We have had occasion to note the manner in which the Presbyterians and royalists obtained supplies of money during the period of the civil war. When that contest was decided, four sources remained from which aids of this nature were derived the customs, the excise, the monthly assessments, and the estates of political delinquents. The two former branches of revenue were farmed in 1657 at £1,100,000 a year, and with monthly assessments made an income of somewhat more than £2,000,000. The church lands and the estates of delinquents were rarely sold at more than ten years' purchase. About £200,000 a year are supposed to have been obtained from these sources. During Richard's protectorate, the expenditure was declared to be above £2,200,000, the revenue falling short more than £300,000 of that amount.

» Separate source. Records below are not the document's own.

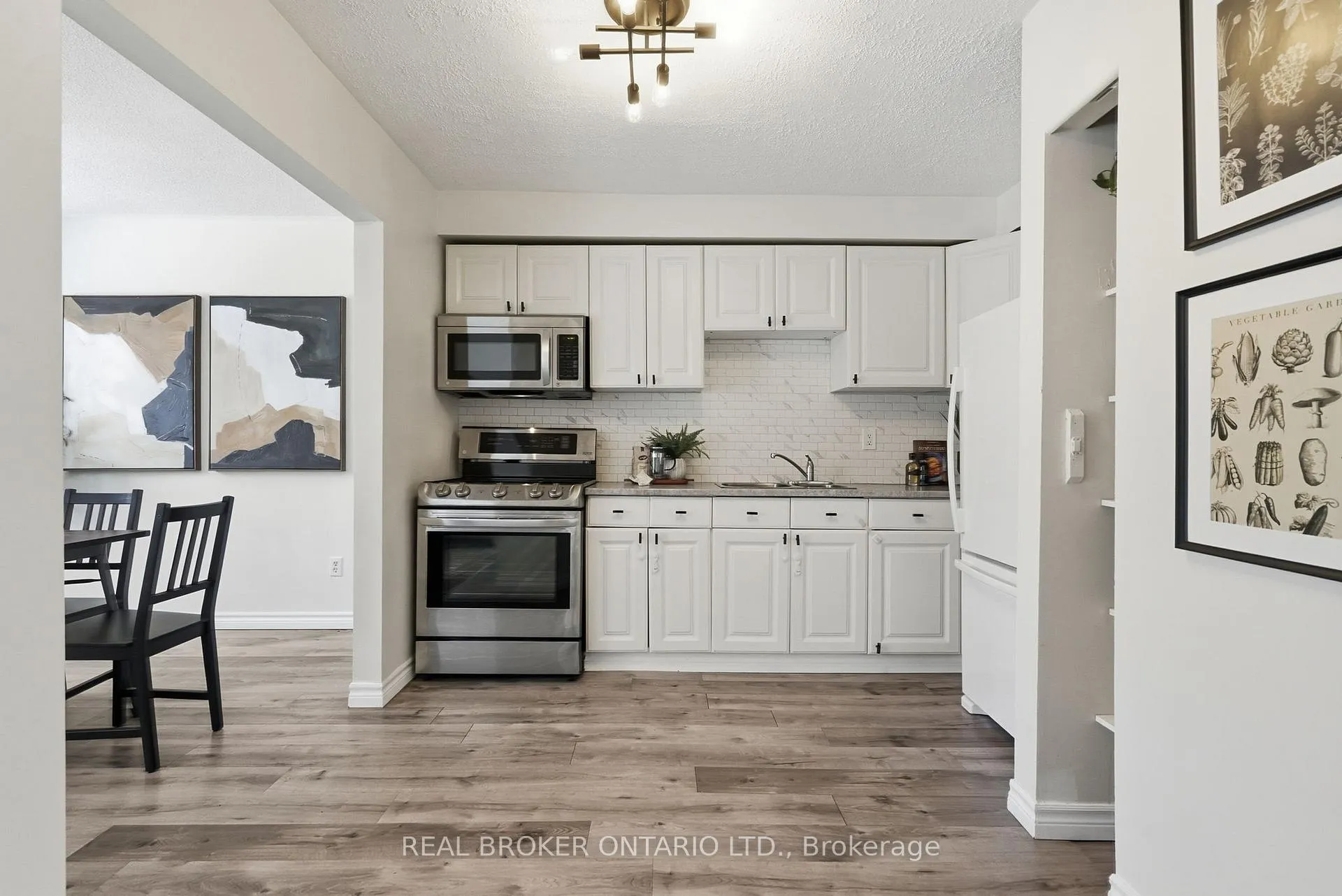 Photo 9 of Unit 11, 325 William Street, Shelburne — HOMEH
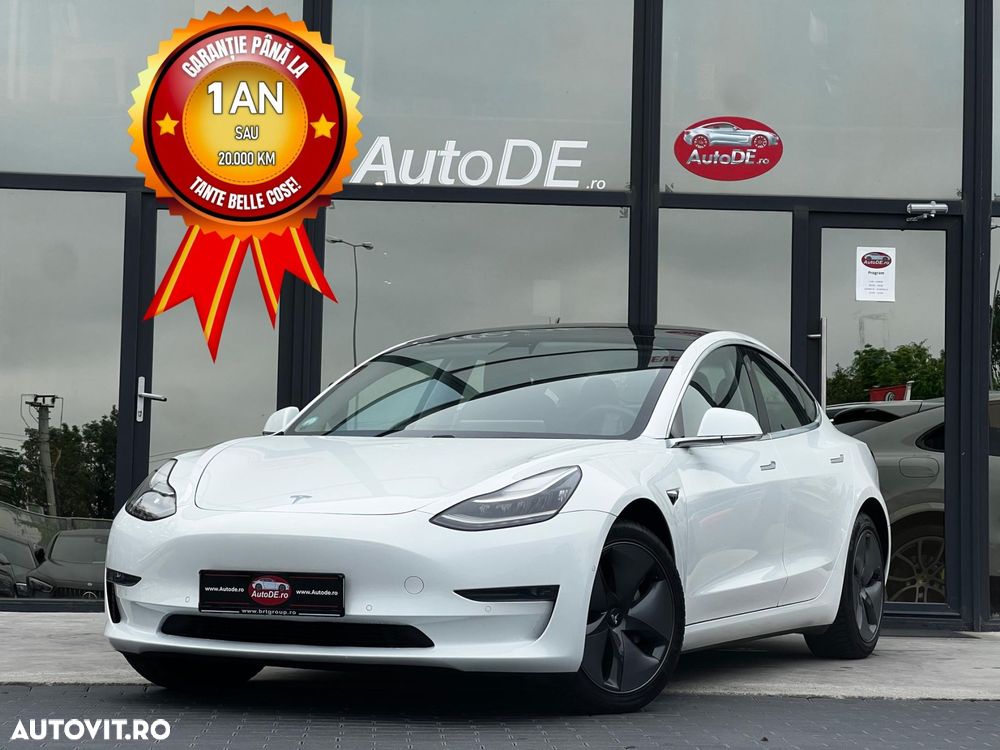 Tesla Model 3 - 1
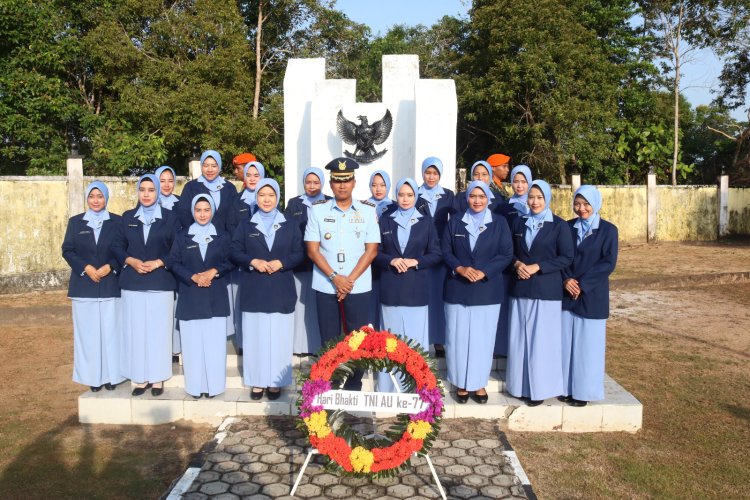 Danlanud Raden Sadjad Natuna Ziarah untuk Pahlawan di Hari Bakti TNI AU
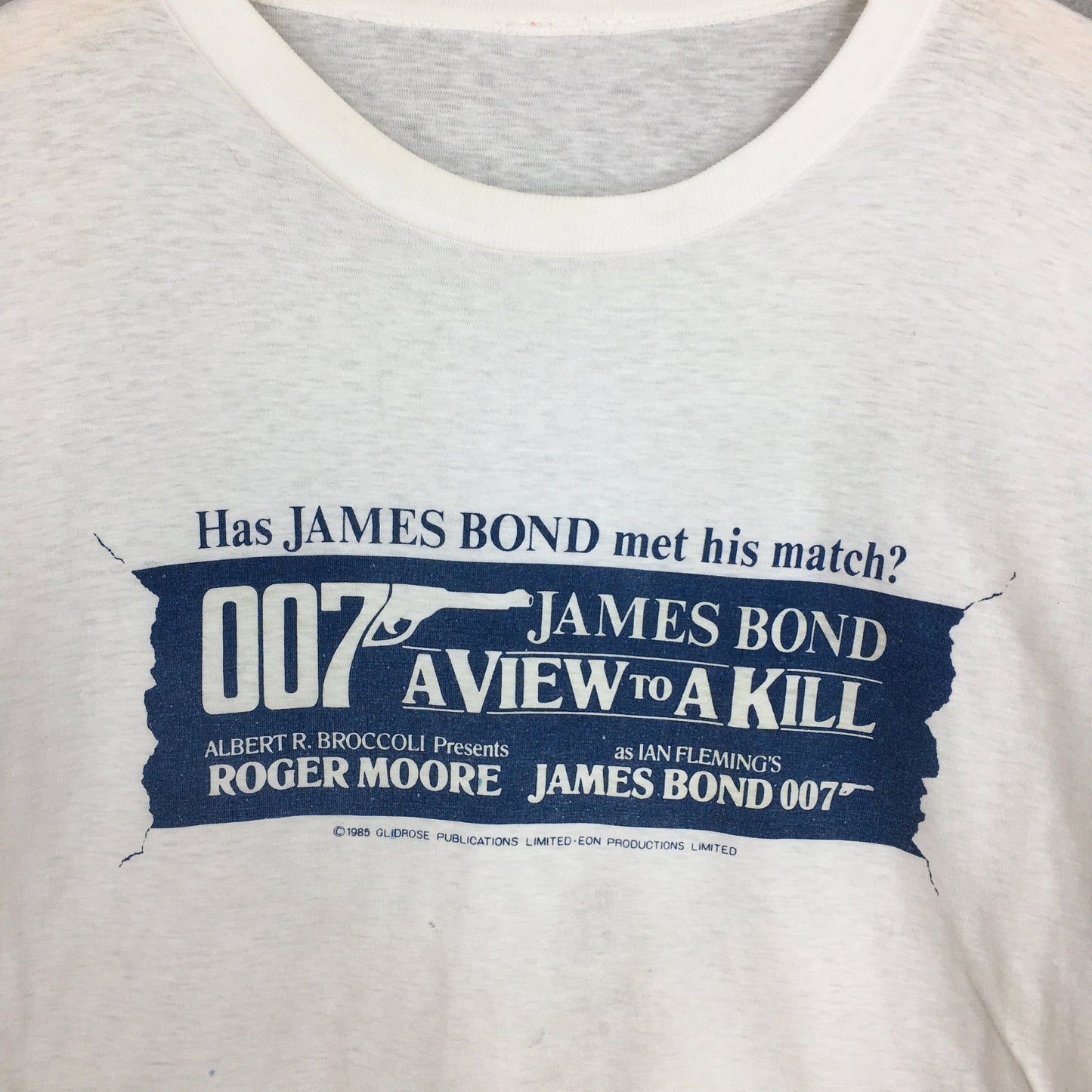 James Bond 007 Thriller Action Movie Tshirt Medium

In 1652 the army of the commonwealth was not less than fifty thousand. Cromwell subsequently reduced the number nearly one-half, but was obliged, on occasions, to increase it again. The general pay of the foot soldiers was a shilling a day, the cavalry, as of a superior order, and liable to greater expense, received two shillings and sixpence. When the army consisted of forty thousand, which was the case in 1648, its pay was estimated at £80,000 a month. Beside the regular force in the pay of the government, there was the volunteer corps, in every county, under the name of militia. At the time of the battle of Worcester, the militia appears to have been nearly as numerous as the standing army, and both together are said to have numbered about eighty thousand men.

Commerce, which made considerable progress during the early part of the reign of Charles I, experienced some check from the civil war, but assumed an importance under the commonwealth unknown in our previous history. This arose, principally, from the war carried on by the English republic with the Dutch, and from the new navigation laws. Families of pretension and long-standing began to direct the attention of their sons to commerce, and such pursuits became more reputable from that time in England than in any of the old monarchical states in Europe. The chartered companies, having derived their exclusive privileges from an exercise of the prerogative, which had often called forth the complaints of parliament, found their power of monopoly thus assigned to them of small value at this juncture, and the free competition which sprung up proved a great benefit to the community at large.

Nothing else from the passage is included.